**Pictures with short captions**
+--
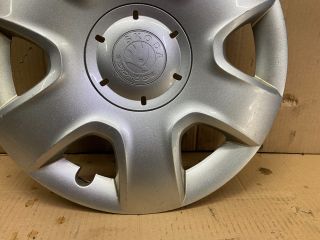 bontott SKODA ROOMSTER Dísztárcsa (1 db)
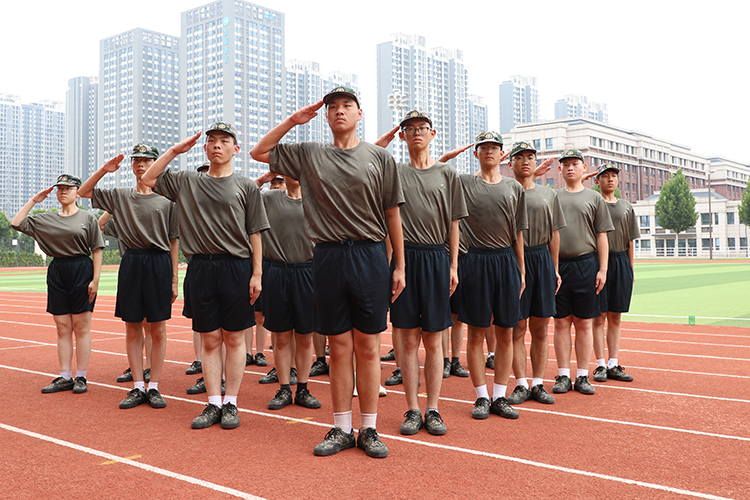 图片3  敬礼，目光坚毅.JPG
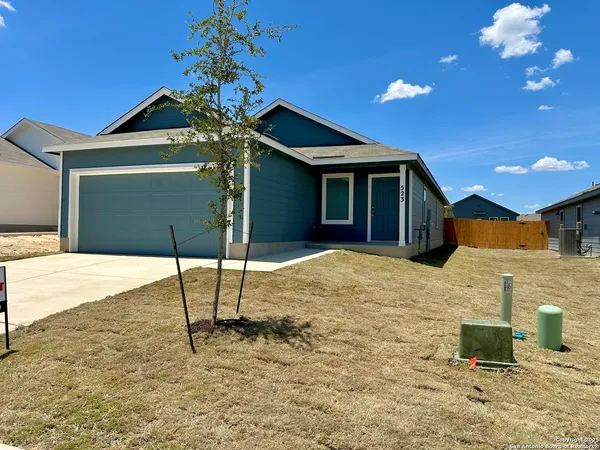 $1,600 | 523 Paul Canyon, San Antonio, TX 78253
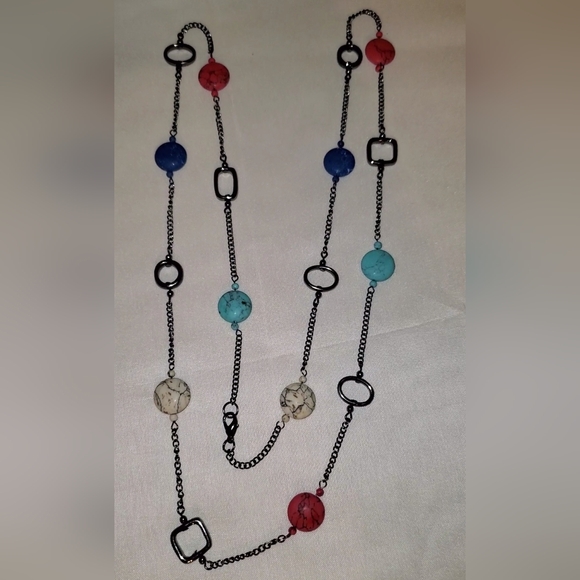 Gunmetal necklace with open shapes adorned with jasper, turquoise, and howlite. - Picture 6 of 9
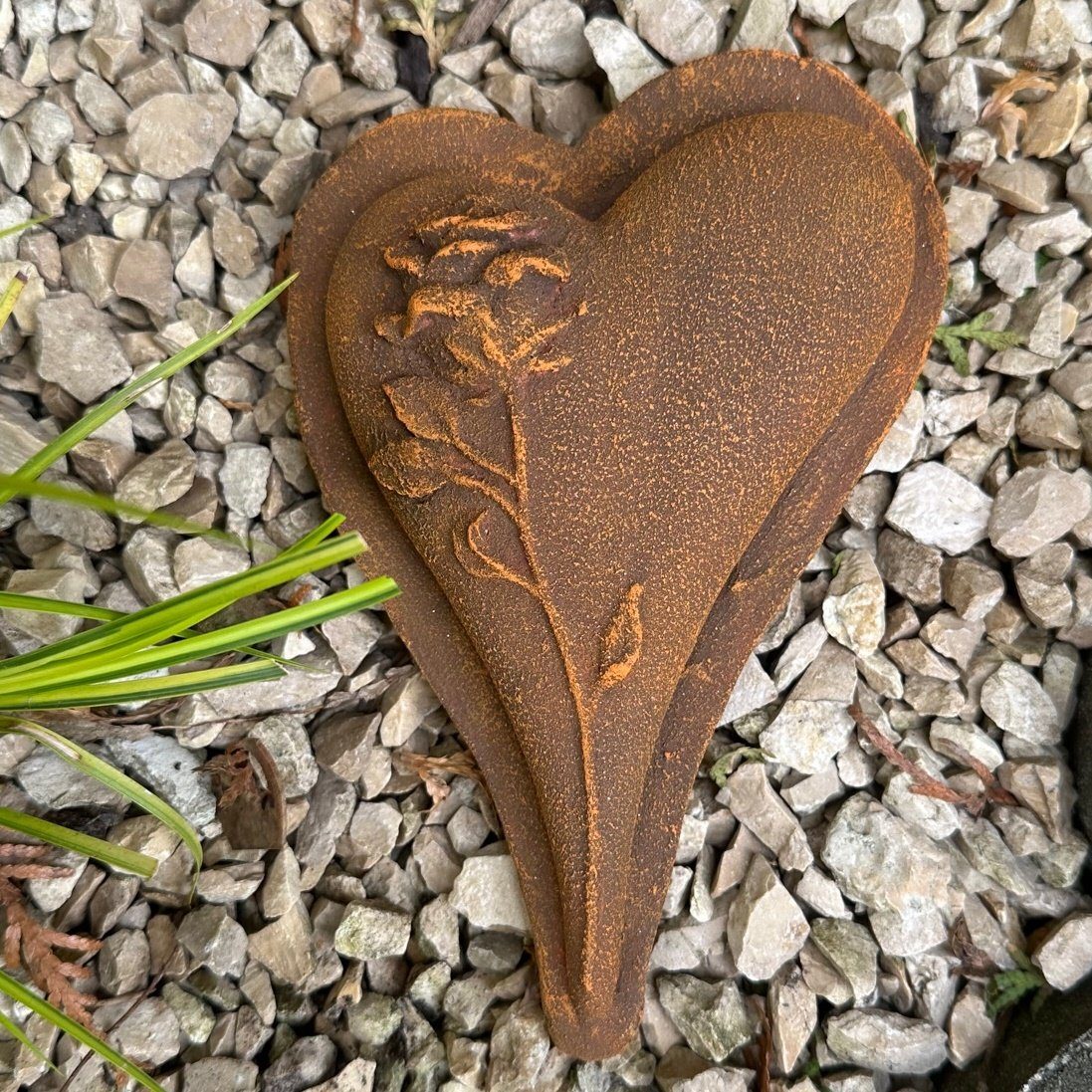 Gartenfigur Grabherz Herz mit Rose Dekoherz Rost Optik asym.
+--
**PROBLEM REQUIREMENTS**
I'd like the data above duplicated exactly, with no pictures included.

**SOLVED EXERCISE**
 bontott SKODA ROOMSTER Dísztárcsa (1 db)
 图片3  敬礼，目光坚毅.JPG
 $1,600 | 523 Paul Canyon, San Antonio, TX 78253
 Gunmetal necklace with open shapes adorned with jasper, turquoise, and howlite. - Picture 6 of 9
 Gartenfigur Grabherz Herz mit Rose Dekoherz Rost Optik asym.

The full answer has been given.